**Activity:** The expected output is each line from the one containing "Alt view image" to the last line of the data below, set down exactly, minus the pictures.

**Listed entries:**
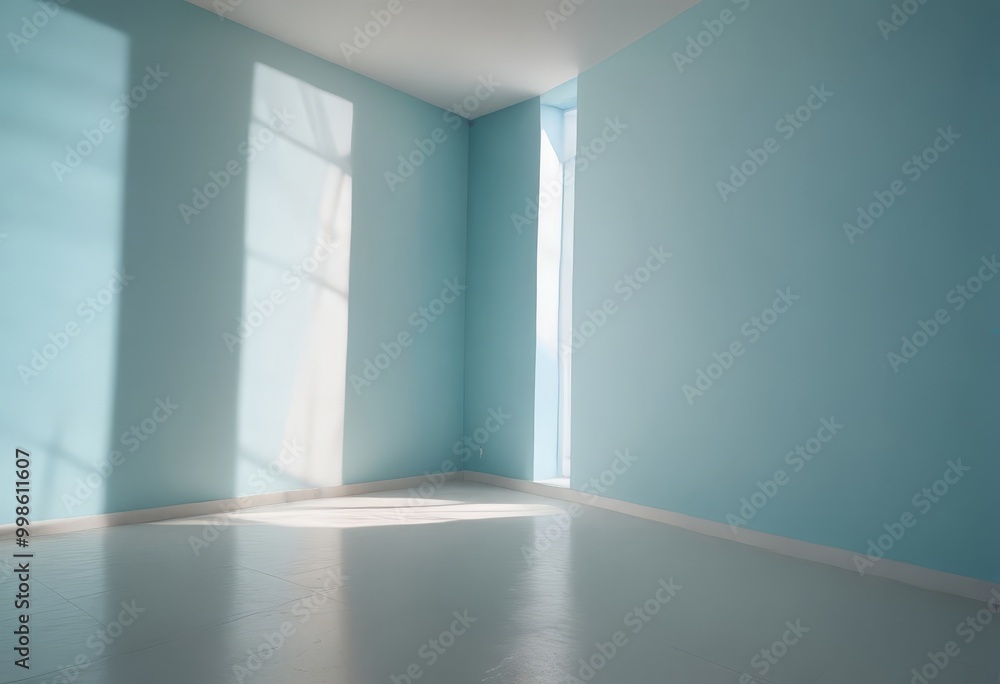 Poster an empty room with light blue walls and a white floor, featuring a window on the right wall that all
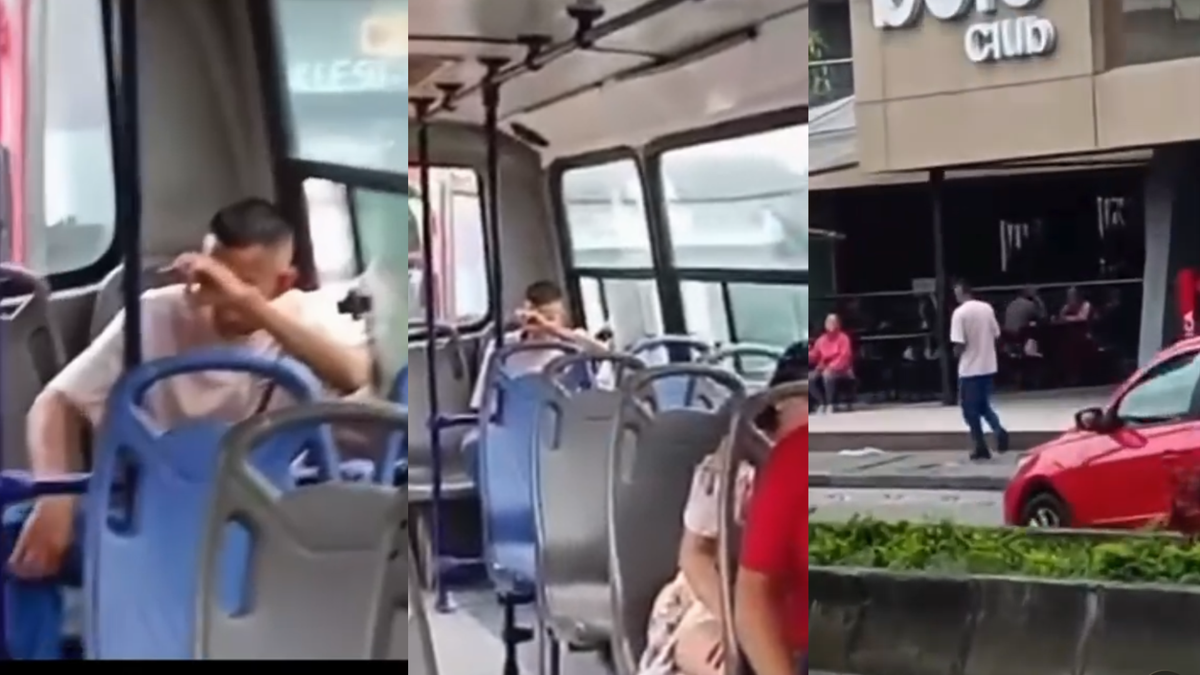 Simular Nueva modalidad de robo en buses.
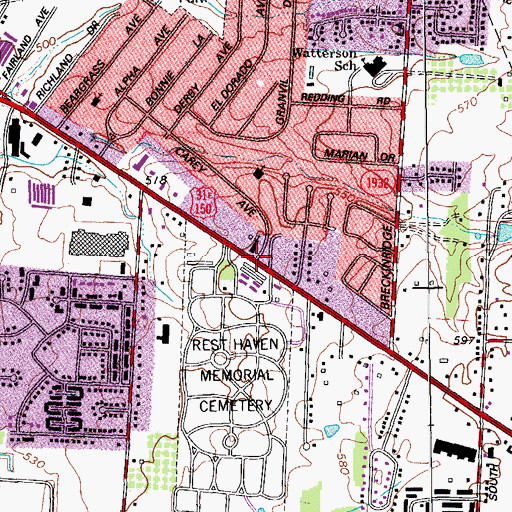 Topographic Map of Fairview Christian Church, KY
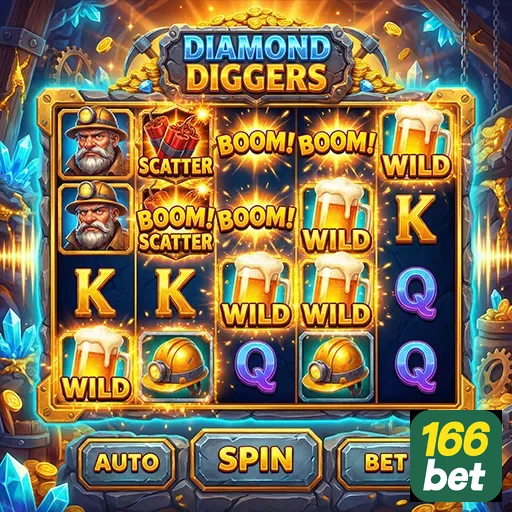 Painel do jogo Diamond Diggers na 166bet com símbolos variados.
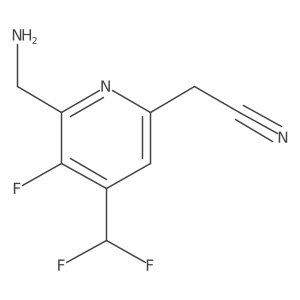 2-(Aminomethyl)-4-(difluoromethyl)-3-fluoropyridine-6-acetonitrile Structure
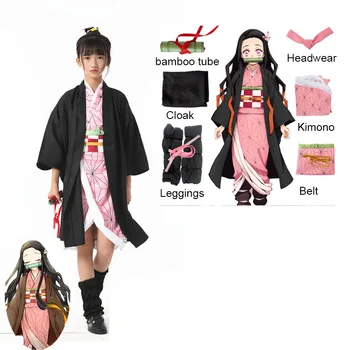 Anime Vaikams Demon Slayer Kimetsu nr. Yaiba Tanjirou Kamado Nezuko Tsuyuri Kanawo Cosplay Kostiumų Kimono Vienodas Vaikų Drabužių Rinkinys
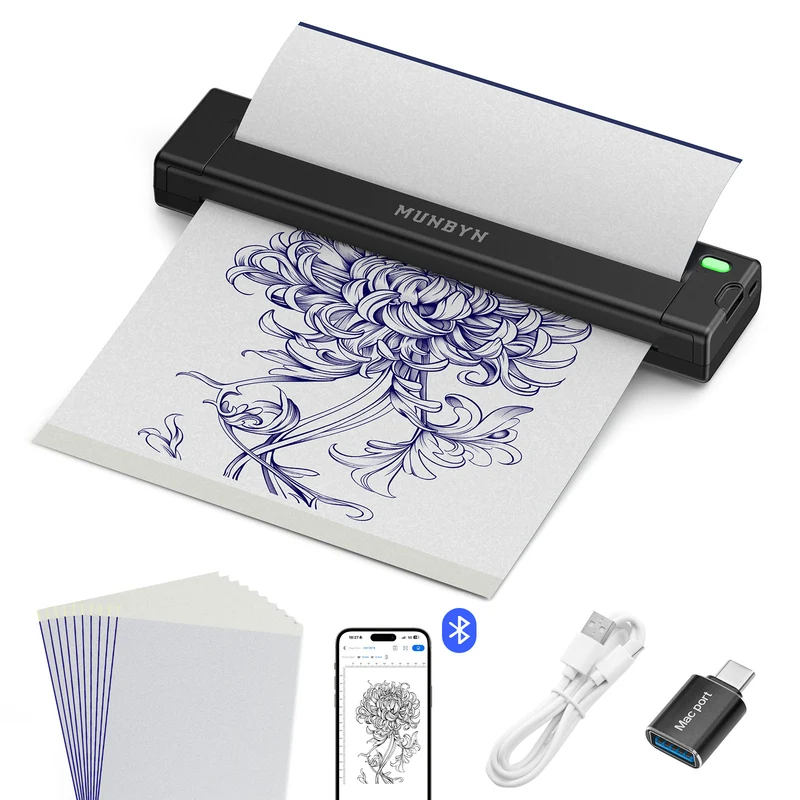 MUNBYN ITP05S Tattoo Stencil Bluetooth Thermal Printer with 20 Sheets Transfer Paper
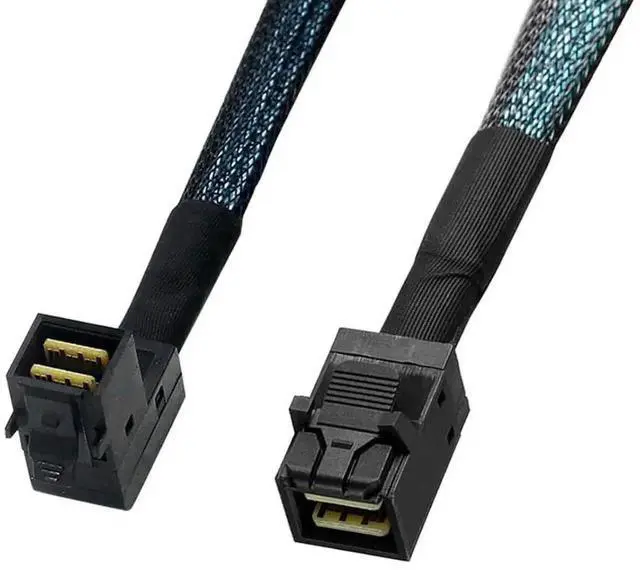 Alt view image 4 of 6 - Aomoproing Heretom 2PCS 36-pin Internal Mini-SAS SFF-8643 HD Right Angle to 36-pin Internal Mini-SAS HD Cable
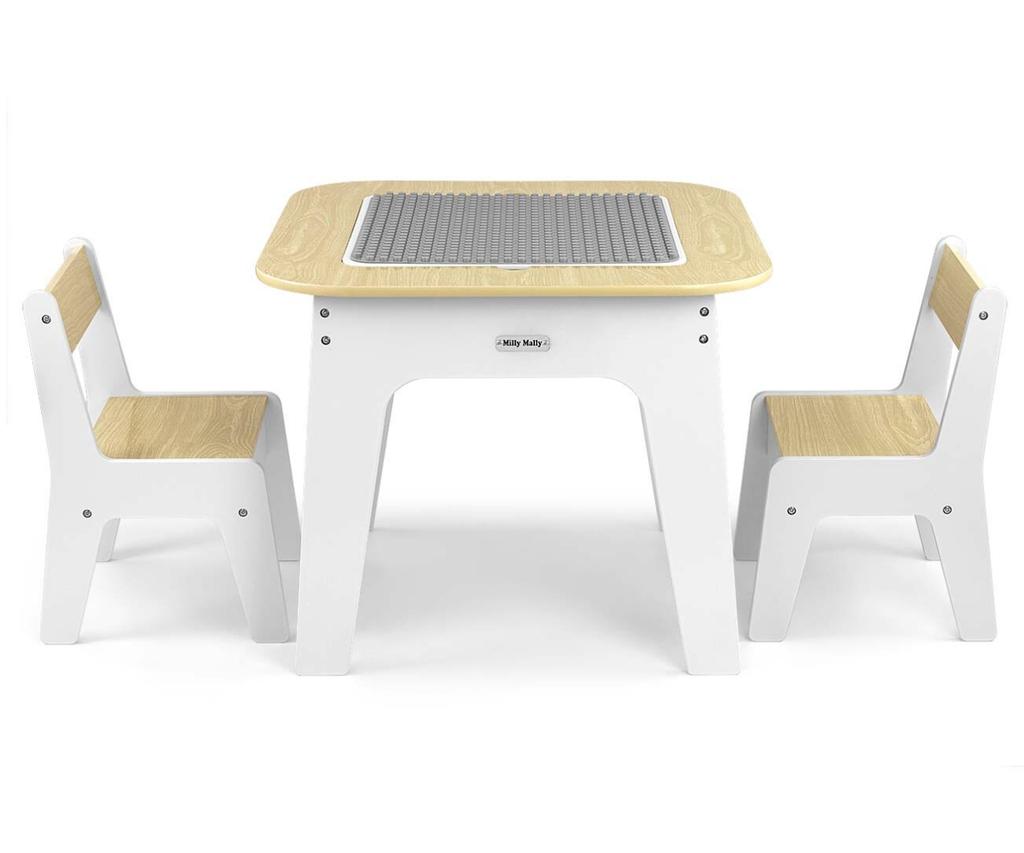 MILLY MALLY 6090 Olaf Blocks Furniture Set - Table and Two Chairs White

**Answer to the exercise:**
 Alt view image 4 of 6 - Aomoproing Heretom 2PCS 36-pin Internal Mini-SAS SFF-8643 HD Right Angle to 36-pin Internal Mini-SAS HD Cable
 MILLY MALLY 6090 Olaf Blocks Furniture Set - Table and Two Chairs White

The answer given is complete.